In its latest ruling on the Africa route, the IASC has knocked back Qantas’s application for approval of its SAA tie-up for the next five years, extending its approval for just over a year until December 31, 2012.
That was at least partly as a result of a submission by Virgin Australia, which said the Qantas-SAA deal was a barrier for any new airline that wanted to fly between Australia and South Africa.
(Virgin Australia axed three weekly unprofitable Melbourne-Johannesburg flights in February to concentrate on US routes. There were several technical and commercial issues that killed the service, not least of the fact that three a week was not enough for business travellers and the Virgin flights were operated by twin-engined Boeing 777-300s that added up to three hours to the time taken each way to keep within safe diversion limits over the Southern Ocean – a restriction that doesn’t apply to Qantas’s four-engined 747s).

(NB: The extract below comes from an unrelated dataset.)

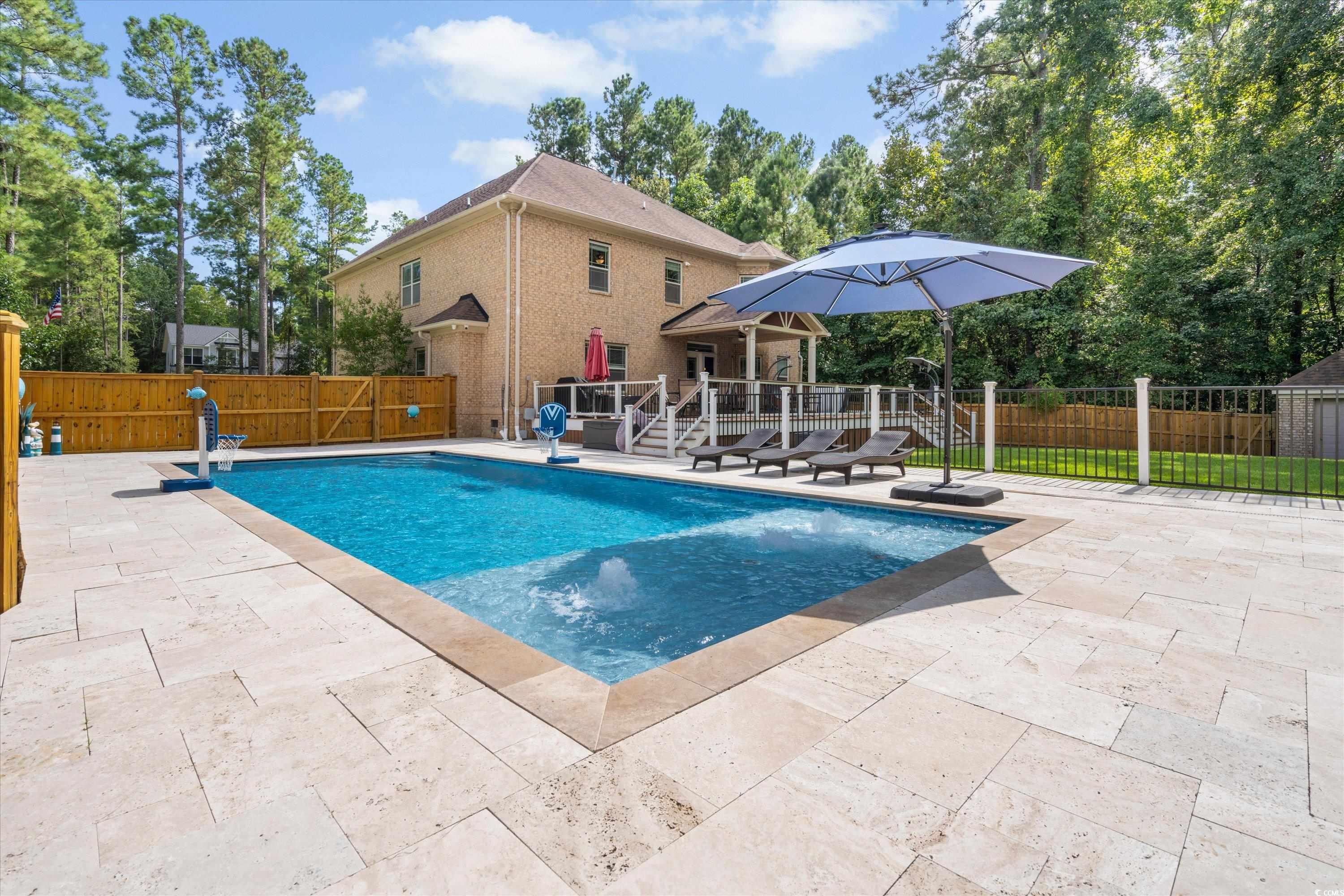 1200 Jump Seed Ct Property Photo 36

The IASC notes that, if Qantas was forced to relinquish its SAA tie-up, it would open up the possibility that Virgin Australia could re-establish a relationship it used to have with South Africa Airways and begin proper price competition on SAA’s Perth-Jo'burg flights, which the IASC has stipulated must be at least daily under the terms of the new agreement.
Part of the problem is that Virgin Australia hasn’t yet announced its intentions on its alliance relationships: two of its partners, Singapore Airlines and Air New Zealand are already members of Star alliance, along with South African Airways, but there is still no Star carrier in Australia.
Have you been put off travelling to Africa by high fares? Have you looked at flying via Asia or the Middle East? Is Africa just not on your shopping list? Why?